Inside the Photography of Ishiuchi Miyako - Research


Inside the Photography of Ishiuchi Miyako


70 years after the bombing of Hiroshima, the Japanese artist imbues women’s objects from the event with a ghostly presence.









"For the last eight years, Ishiuchi has traveled to Hiroshima to photograph objects affected by the atomic bombing of that city, now preserved by and housed in the Hiroshima Peace Memorial Museum.Shimomura Mari, a curator at the museum who has assisted many artists intent on utilizing artifacts from the collection for their own creative projects, acknowledges that Ishiuchi approaches the subject unlike anyone else. When I visited the Peace Memorial Museum last year, Shimomura told me that Ishiuchi’s straightforward, intuitive approach surprised her initially. Ishiuchi’s equipment and setup are very basic (she occasionally uses an automatic point-and-shoot camera) and she often speaks to the objects while photographing them. Both casual and intimate, Ishiuchi’s practice involves fostering a kinship with each object that she ultimately decides to depict. Moreover, Ishiuchi tends to isolate fragments of clothes or details in the garments—such as hems, buttons, lace, wrinkled fabric—as her subjects. She presents them in vivid colour and in large scale, thus encouraging viewers to look at what might otherwise escape notice, particularly when displayed in Plexiglas vitrines.

Reflection

There is a ghostly presence within the photographs of Ishiuchi Miyako, the artist that uses both the objects themselves as well as photographic representations of the items to tell the story of the Hiroshima atomic bombing. Going back to a piece of  text I read about traces of memory in a book entitled Contemporary Art and Memory, I notice a juxtaposition of ideas, while Miyako takes objects that have clearly been damaged through the bombing and displays them as artefacts of a crime.
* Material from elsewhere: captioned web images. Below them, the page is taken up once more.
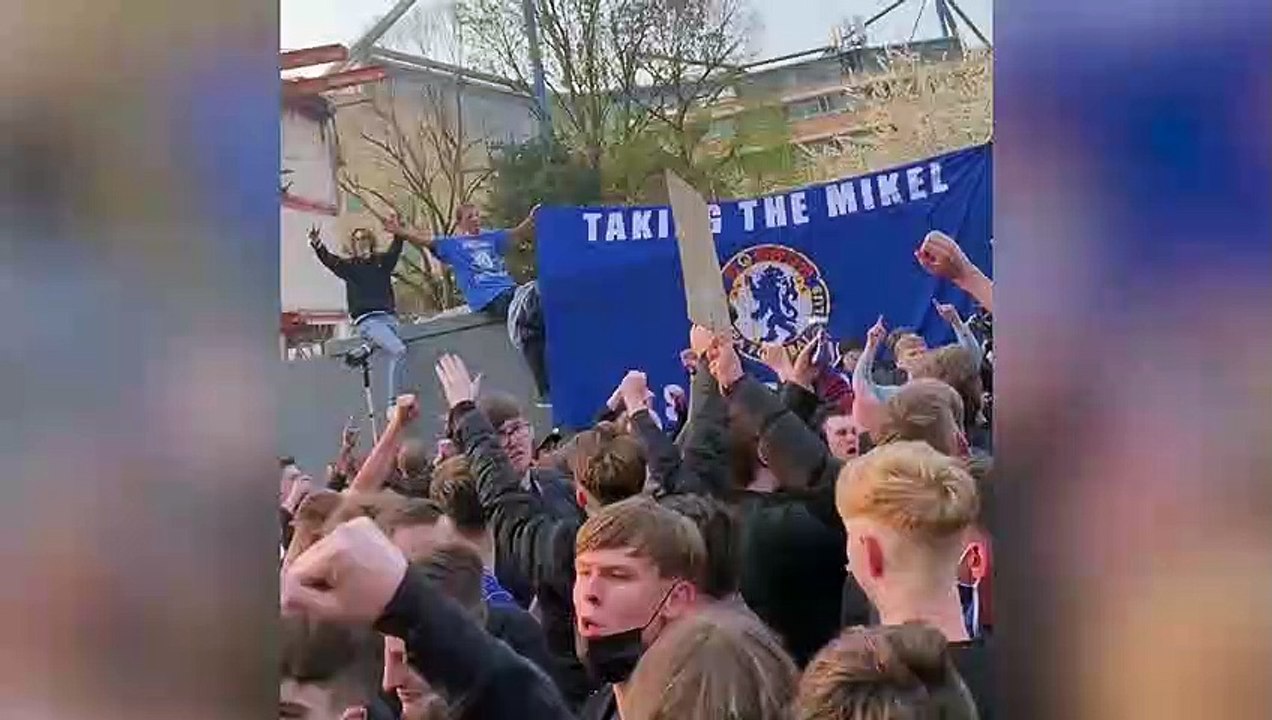 "Nous avons sauvé le football" chantent les supporters de Chelsea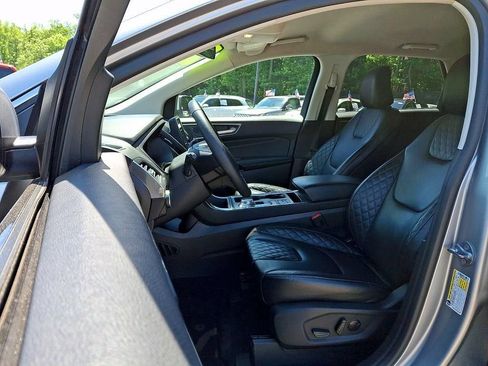 Used 2024 Ford Edge Titanium AWD/4WD image 16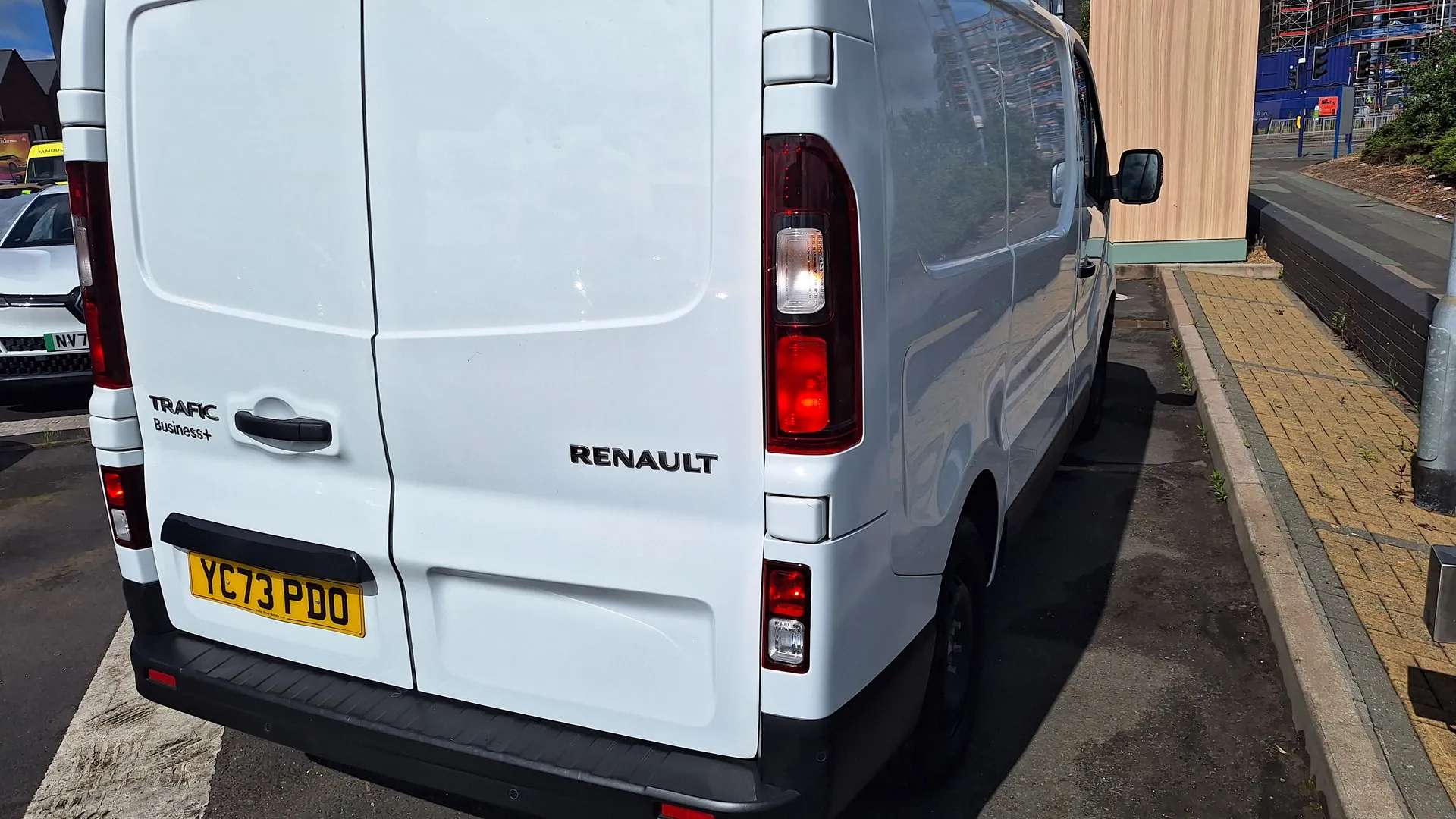 A 2023 RENAULT TRAFIC SL28 Blue dCi 130 Business+ Van A 2023 RENAULT TRAFIC SL28 Blue dCi 130 Business+ Van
Miyako also collects photographs of happy memories all taken before the death of her mother. This provides a different tone to the otherwise similar collections, after taking objects that represent a fuller picture of a life and memorialises the existence of her mother, it seems somewhat strange to compare that with the mournfully in there placement of her work on the Hiroshima bombings. Yet all these object have supporting text that contextualise there display. If I were to arrange this work myself, I would present it in a very similar way, however I feel the addition of an audio piece would link the objects further.